▶ Aim of the exercise: Every line below from the one with "семена конопли в" through the one with "Historic garden plot" should be retyped exactly, both ends included; no other lines and no pictures.

▶ Recorded data:
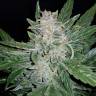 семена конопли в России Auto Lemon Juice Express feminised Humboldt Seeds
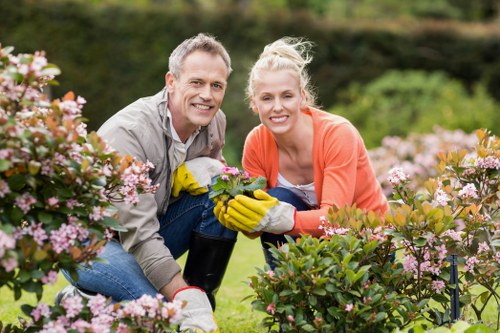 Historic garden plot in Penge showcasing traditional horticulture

...

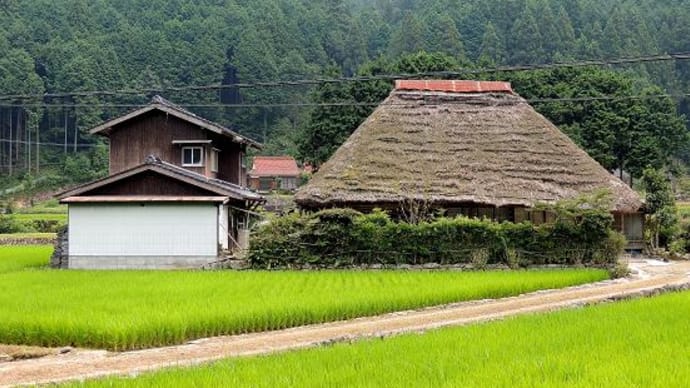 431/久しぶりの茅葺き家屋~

...

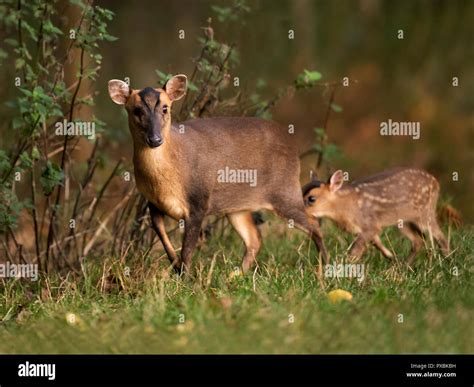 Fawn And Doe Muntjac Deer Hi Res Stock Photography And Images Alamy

▶ Your solution:
 семена конопли в России Auto Lemon Juice Express feminised Humboldt Seeds
 Historic garden plot in Penge showcasing traditional horticulture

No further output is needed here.